ASAP+ Partner with The Drum for their China Breakfast
As the China market is becoming an increasingly hot topic for brands in the UK, The Drum dedicated their February issue to providing a deeper insight into the market. In addition, on Thursday 28th February, ASAP+, in collaboration with Puzzle London, partnered with The Drum for their China breakfast event.
At the heart of the event was a discussion between a panel of specially selected guests. The panel included Alpha Xu (ASAP+ Founder and Chairman), Dan Beasley (Co-Founder, Puzzle London), Carmen Tse (Market Consultant, AMUI Ventures) and Chris Lethbridge (China Market Business Adviser & UK Sector Lead, China-Britain Business Council), all bringing together their expert knowledge across a range of fields.
The panelists began by providing their insights into the growing trends UK brands should be aware of in the China market. Chris suggested that the growth of online to offline is significantly changing the consumer journey, whilst consumers are demanding more personalised content in return for their data. Carmen added to this by suggesting that the rapid advancement of technology in China is the real driver behind the changing consumer journey, particularly in regards to AI. This was also supported by Alpha who stated that developments within the WeChat ecosystem are allowing brands to offer far more utility to Chinese consumers, enabling brands to develop far deeper insights into behaviours, thus having the ability to provide a more personalised experience.
Dan highlighted the dominance of mobile payments in China, and how the demand for this when the Chinese traveller is overseas is ever-increasing. While we are seeing more of an uptake of the likes of WeChat Pay and Alipay in the UK, there is still a long way to go—especially as findings from Nielsen show that 94% of Chinese travellers are willing to spend more when Chinese mobile payments are accepted.
The panel went on to discuss a growing opportunity between the UK and China cross-border eCommerce. With regulatory changes in China providing a more favourable environment to sell in the market, including the clamp-down on daigou shoppers, there has been a rise in the number of brands looking to sell their products into China via a number of channels. Chris made it clear that for brands looking to sell in/to China, obtaining a trademark in the market should be of first priority.
All speakers agreed that with such a rapid pace of change, both digitally and economically, combined with constant regulatory changes, it is essential UK brands have a partner on the ground in China in order to adapt to these changes.
To round up the discussion, each of the panelists gave their key takeaway:
Chris Lethbridge stressed that localisation to the Chinese market is absolutely key, and brands must have a deep understanding of Chinese culture to adapt in the market. This does not only include a brand’s messaging. They must look at every aspect of their offering and adapt as necessary for the China market. Carmen Tse added to this point by highlighting the importance of not looking at China as one homogenous market. There is considerable diversity between different regions in China, yet most brands tend to look at China as one market. Brands should therefore be aware of variables between regions and city tiers when looking to market to the Chinese consumer and adjust their product, messaging, positioning and channels accordingly.

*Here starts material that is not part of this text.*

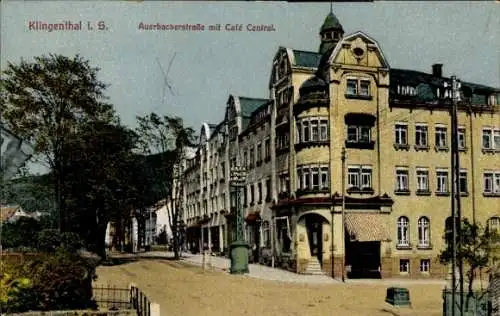 Ak Klingenthal im Vogtland Sachsen, Auerbacher Straße, Cafe Central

Dan Beasley concluded that brands entering the China market must be prepared to be in it for the long haul. Too often brands expect quick returns from small investment, yet growing a brand from the ground up in the market takes time. Finally, Alpha Xu challenged brands to go deeper with their activities in China if they are to build lasting relationships with Chinese consumers. Simply setting up a WeChat account is not enough if brands want to reap rewards in China.
Visit The Drum's official website for their recap of the event, here.
For more information on marketing to the Chinese consumer and an insight into how UK brands are currently performing when marketing to the Chinese consumer, get in touch to receive a copy of our International Marketing Scorecard—China Edition at email@example.com, or fill out the form below for a direct download.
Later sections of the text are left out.